[Problem to work on]: Below, some lines carry pictures; leave those pictures out and retype exactly the lines from the one with "Youth & Family Counseling" through the one with "Мужская кожаная сумка".

/---

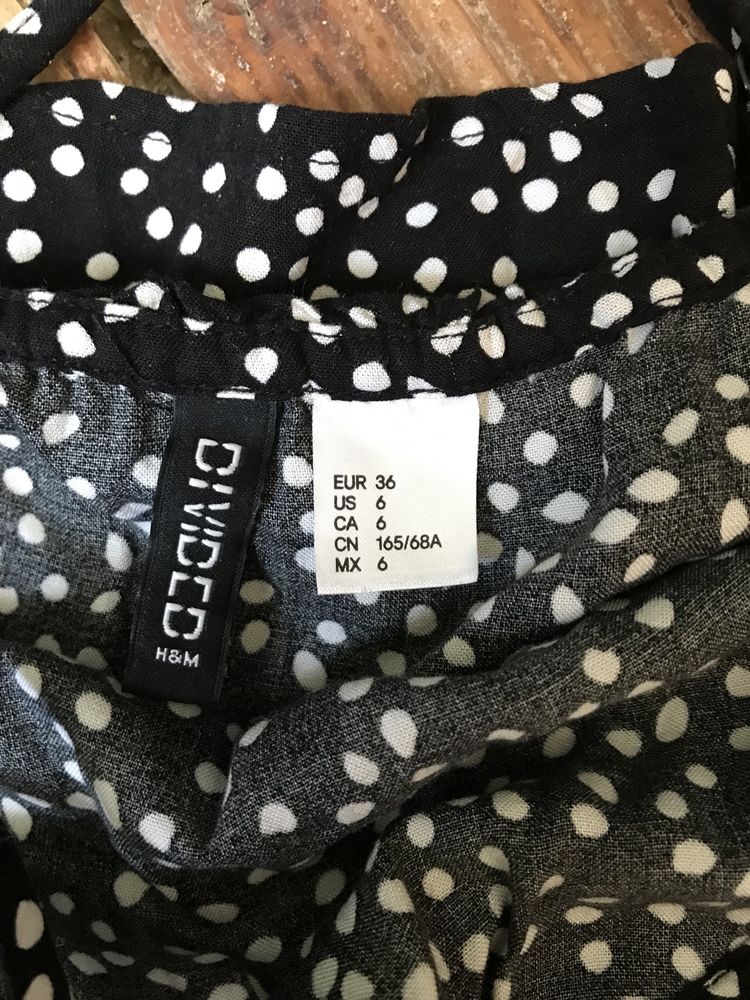 Kombinezon damski,spodenki rozmiar S H&M nowy bez metki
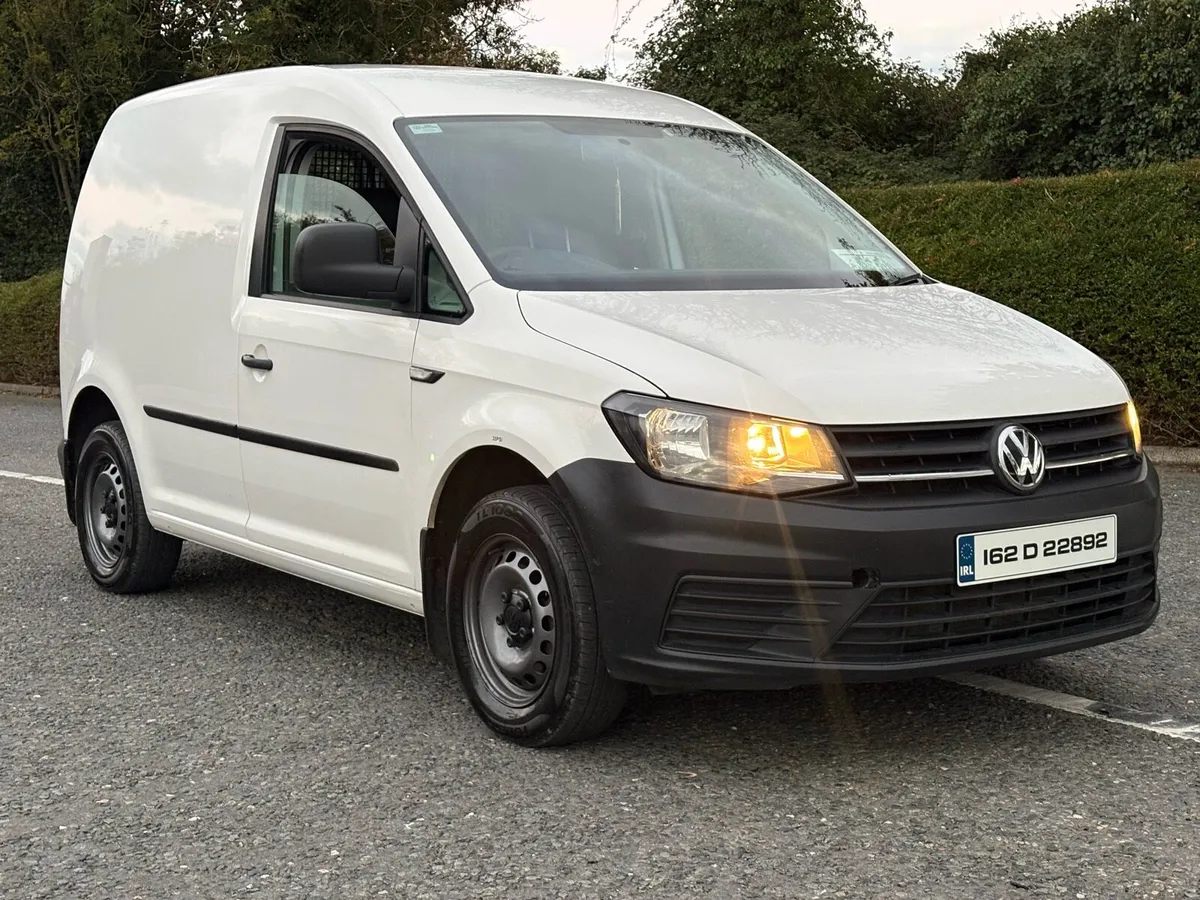 VW Caddy, Only 120,000km - Image 1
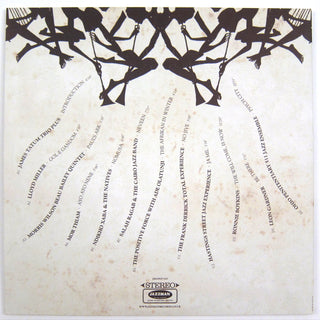 Jazzman: Spiritual Jazz Vol.1 - Esoteric, Modal And Deep Jazz From The Underground 1968-77 Vinyl 2LP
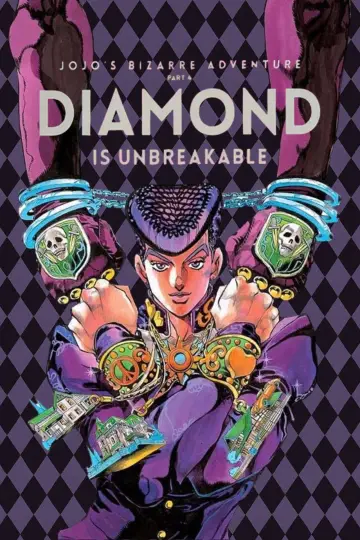 Poster for the TV series "JoJo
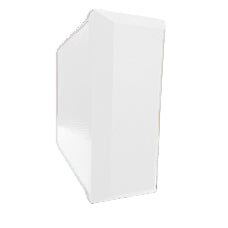 Beveled End Cap 2"x6"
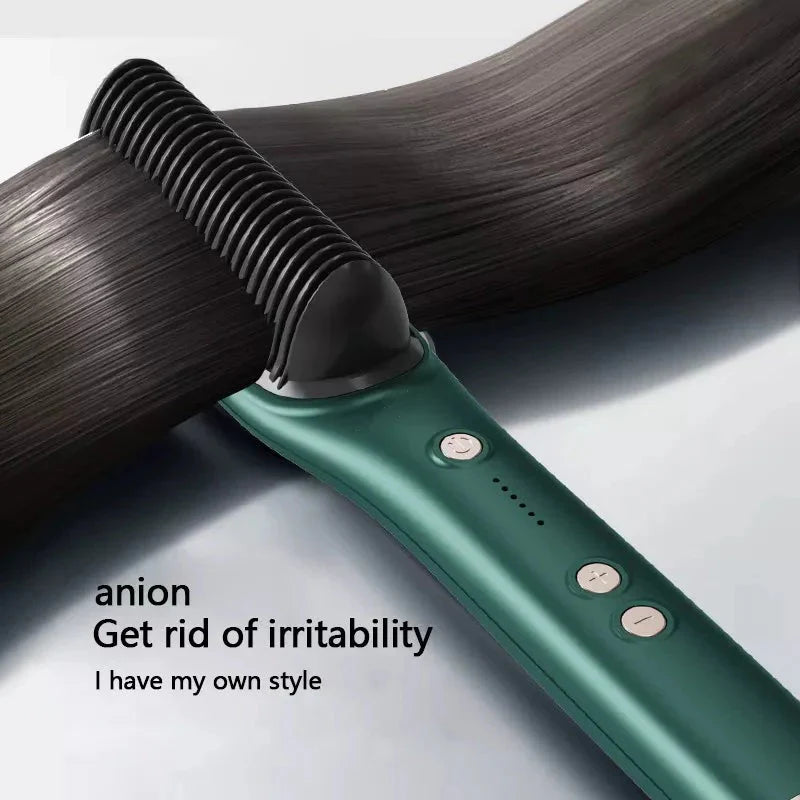 SUPERSQUAD Hair Straightener Brush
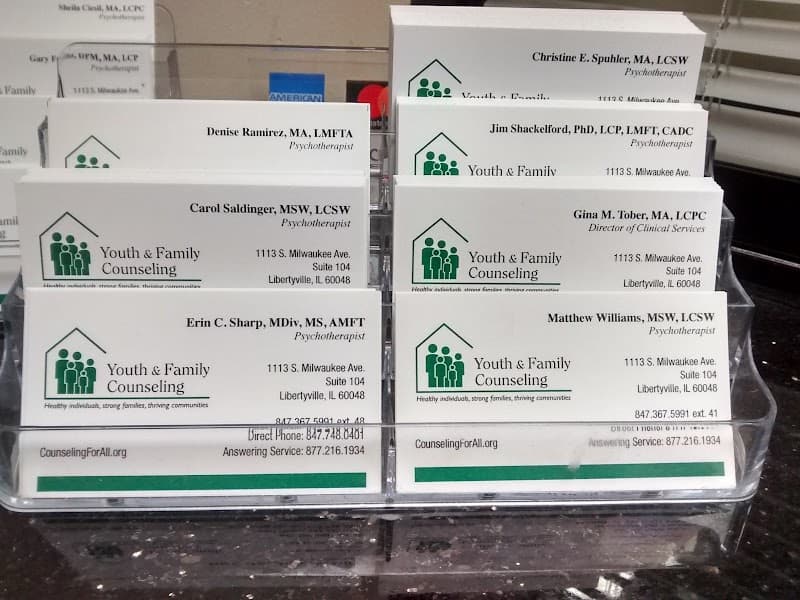 Youth & Family Counseling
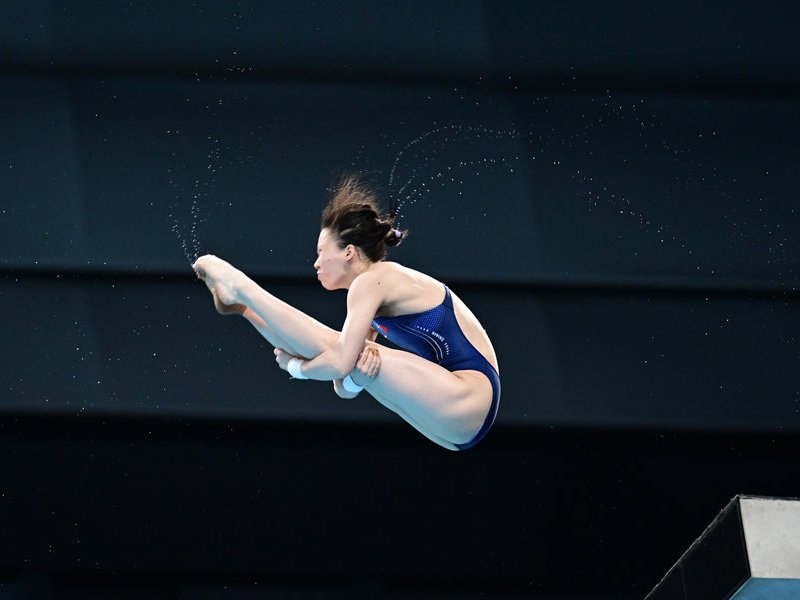 Olympic champions Chen Yuxi, Wang Zongyuan lead China's diving gold haul in the Asian Games 2026 in Nagoya in Japan on Tuesday. Photo credit: Xinhua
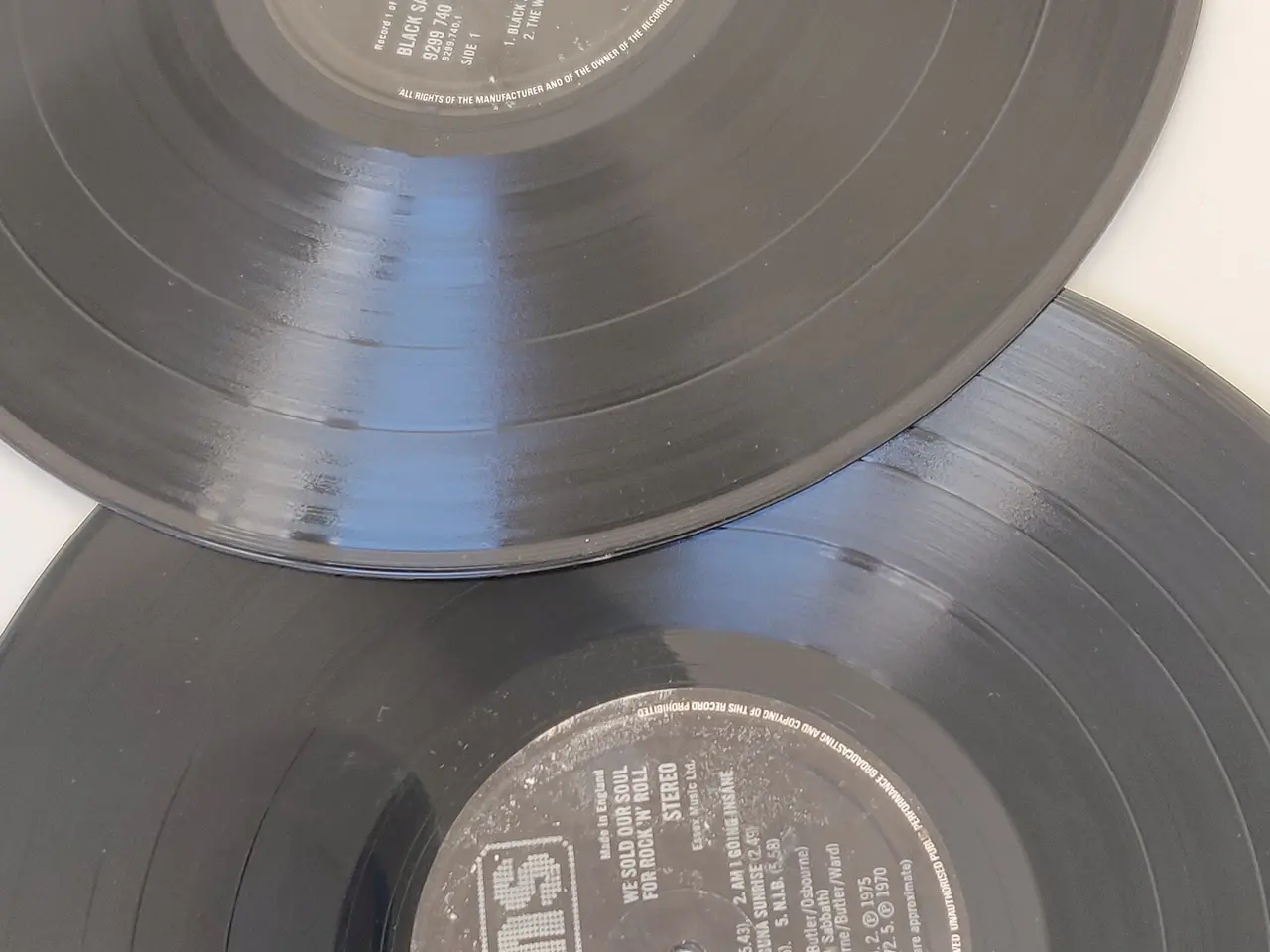 Billede 4 - LP'er Black Sabbath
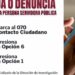Recibe la SABG denuncias a través de la estrategia digital ‘Tamaulipas te conecta’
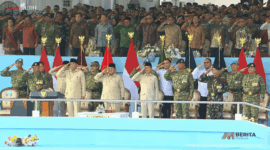 Petinggi Negara Hadiri HUT TNI ke-80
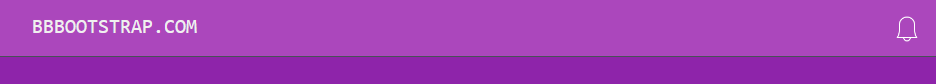 bootstrap 4 notification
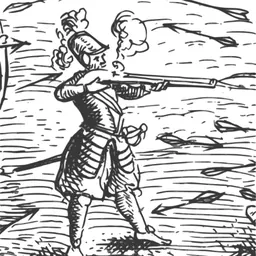 Portrait of Samuel de Champlain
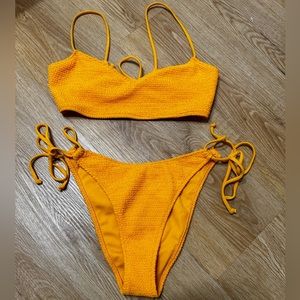2 piece tie bikini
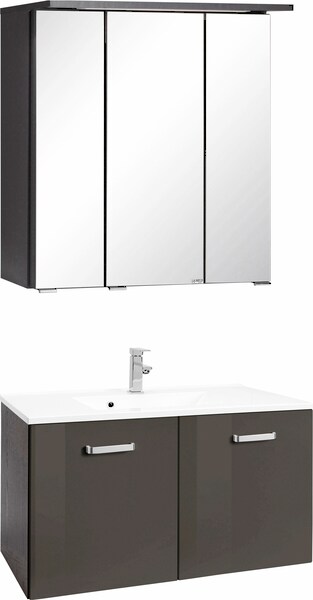 welltime Badmöbel-Set "Ravenna", (2 St.), Breite 60 cm günstig online kaufen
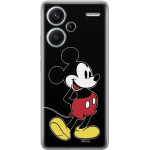 Disney Case Redmi Note 13 Pro+ 5G Mickey Full Print Smiley Black - (DPCMIC18891)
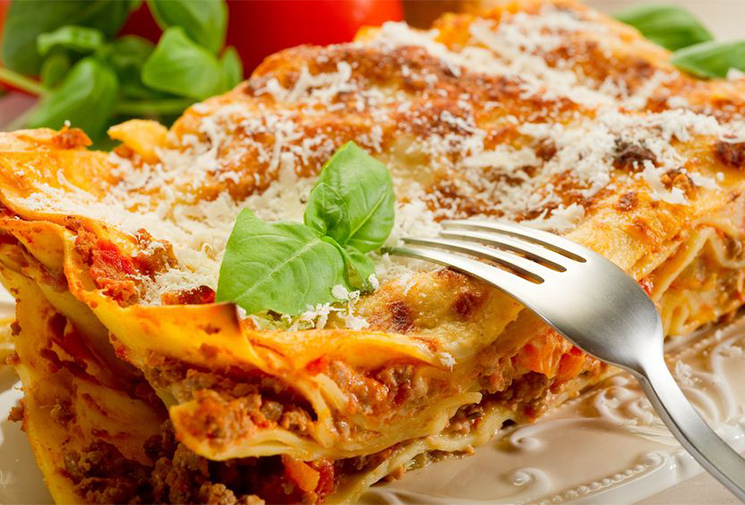 Домашнее тесто для лазаньи рецепт – Европейская кухня: Паста и пицца. «Еда»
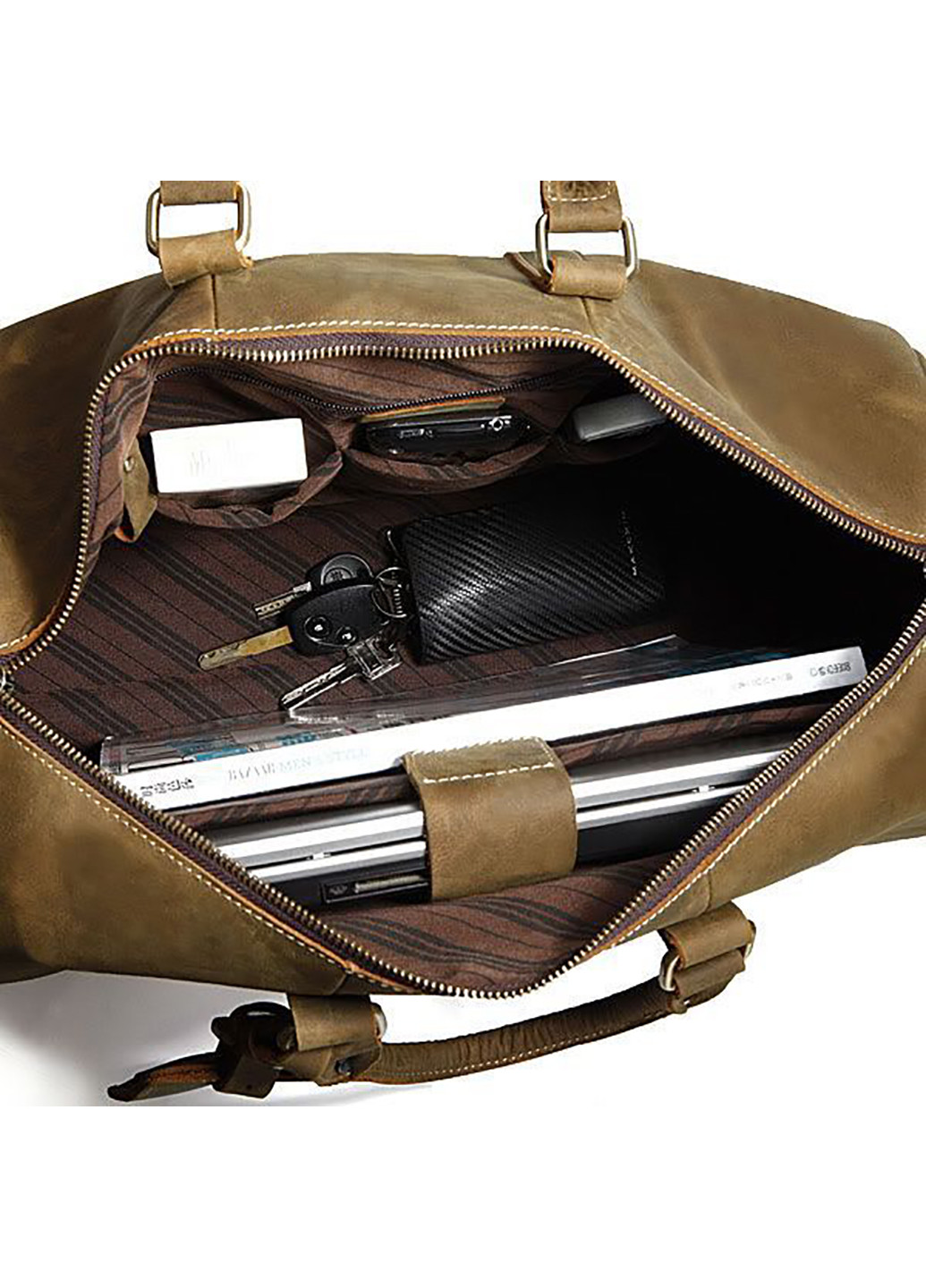 Мужская кожаная сумка 46х30,5х21,5 см Vintage (229459225)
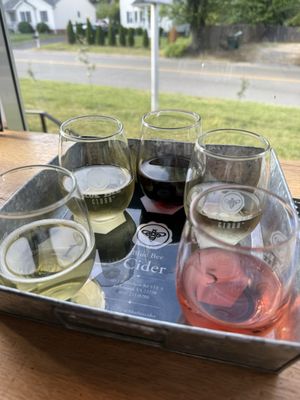 Blue Bee Cider by null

\---

[Reply to the exercise]:
 Youth & Family Counseling
 Olympic champions Chen Yuxi, Wang Zongyuan lead China's diving gold haul in the Asian Games 2026 in Nagoya in Japan on Tuesday. Photo credit: Xinhua
 Billede 4 - LP'er Black Sabbath
Recibe la SABG denuncias a través de la estrategia digital ‘Tamaulipas te conecta’
 Petinggi Negara Hadiri HUT TNI ke-80
 bootstrap 4 notification
 Portrait of Samuel de Champlain
2 piece tie bikini
 welltime Badmöbel-Set "Ravenna", (2 St.), Breite 60 cm günstig online kaufen
 Disney Case Redmi Note 13 Pro+ 5G Mickey Full Print Smiley Black - (DPCMIC18891)
 Домашнее тесто для лазаньи рецепт – Европейская кухня: Паста и пицца. «Еда»
 Мужская кожаная сумка 46х30,5х21,5 см Vintage (229459225)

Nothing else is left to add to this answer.